■ Work order:
Output the data word for word, dropping every image.

■ Recorded data:

####################

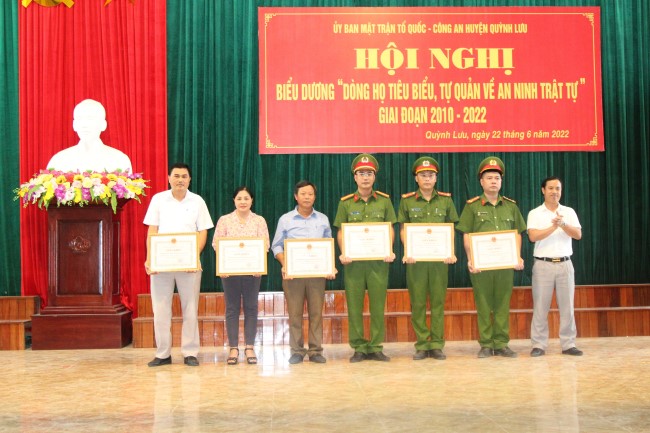 Tặng Giấy khen cho những tập thể có thành tích xuất sắc trong phong trào xây dựng mô hình “Dòng họ tiêu biểu, tự quản về an ninh trật tự” 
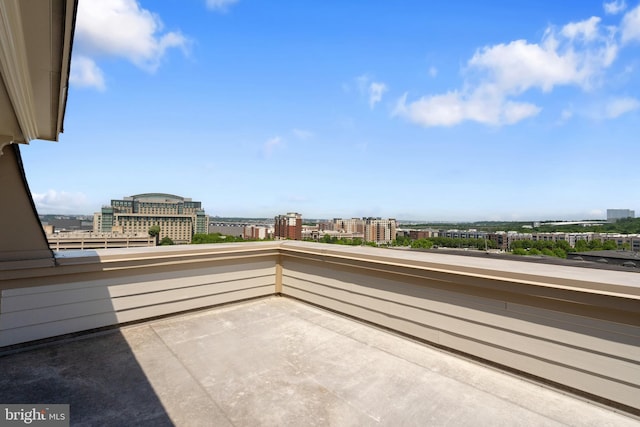 500 Overlook Park Drive 27, Oxon Hill, MD 20745 - balcony featuring a view of city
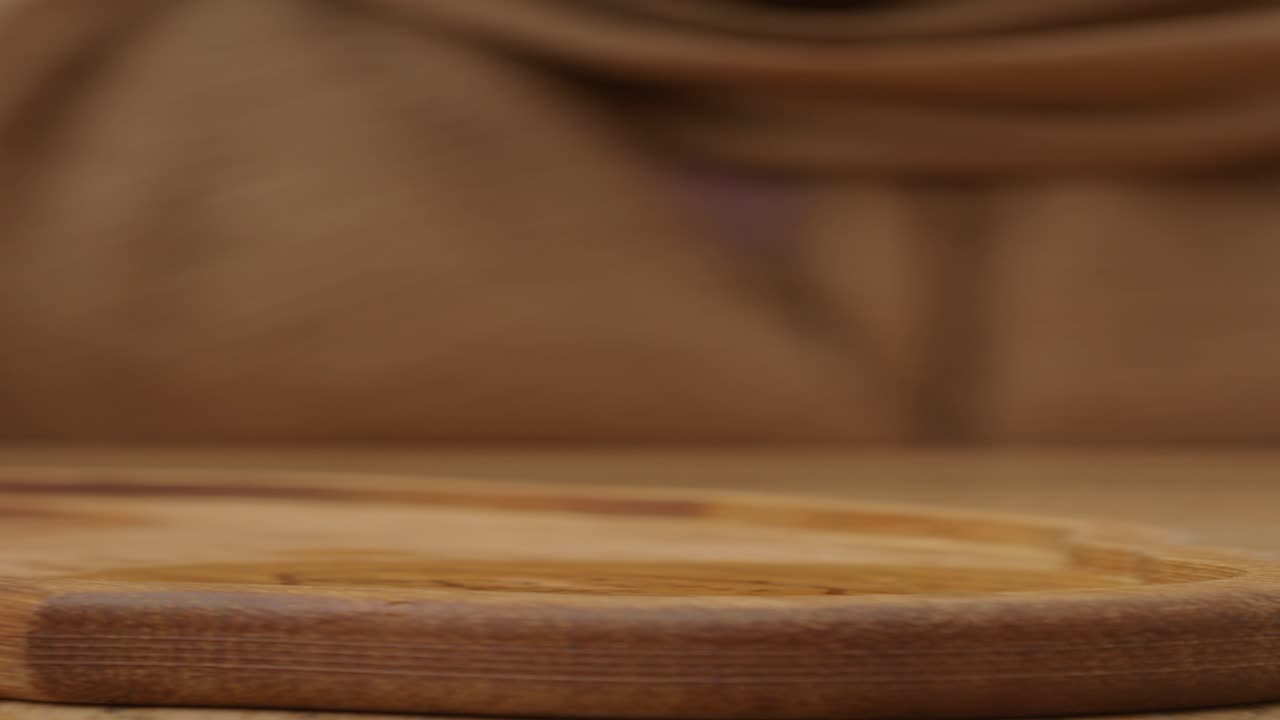 closeup de un vaso de agua en un coaster de madera en una mesa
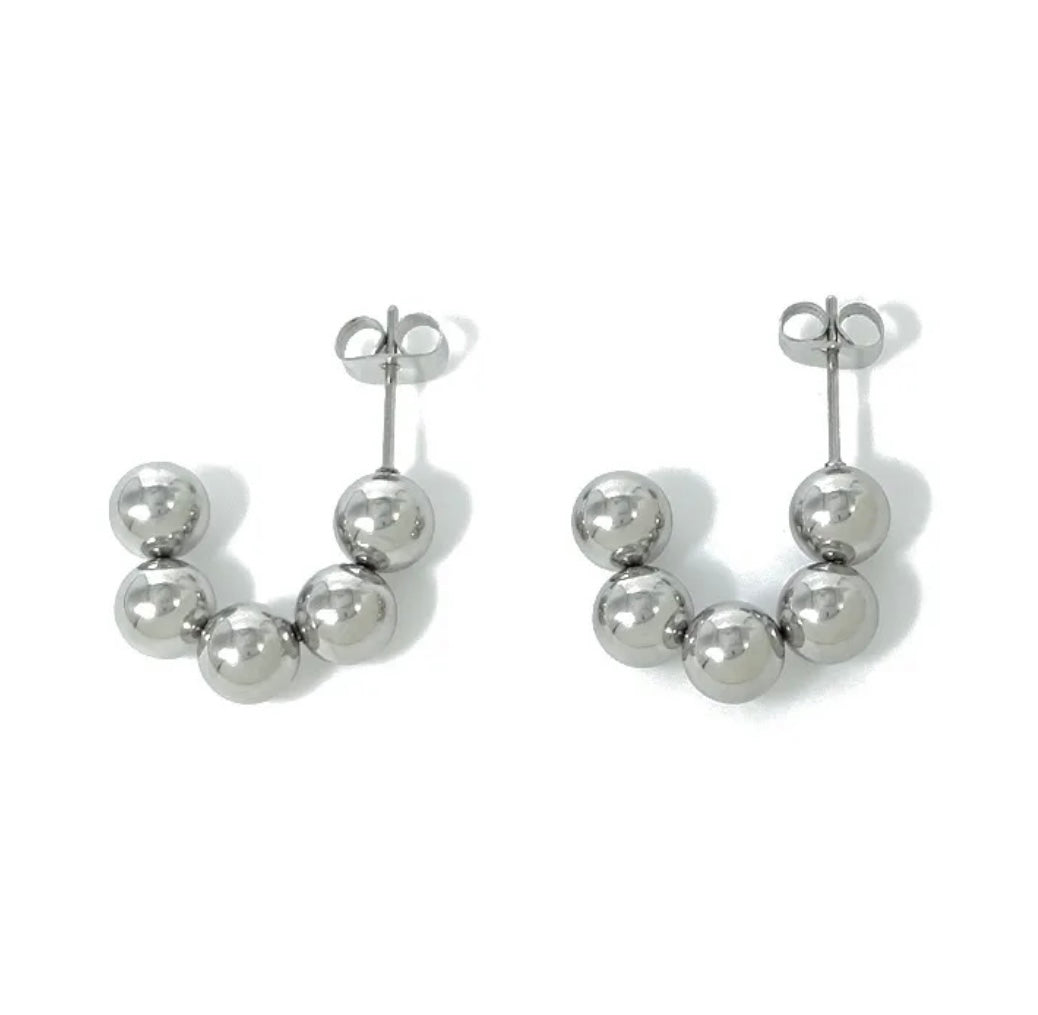 Darla hoops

####################

■ Expected output:
 Tặng Giấy khen cho những tập thể có thành tích xuất sắc trong phong trào xây dựng mô hình “Dòng họ tiêu biểu, tự quản về an ninh trật tự” 
 500 Overlook Park Drive 27, Oxon Hill, MD 20745 - balcony featuring a view of city
 closeup de un vaso de agua en un coaster de madera en una mesa
 Darla hoops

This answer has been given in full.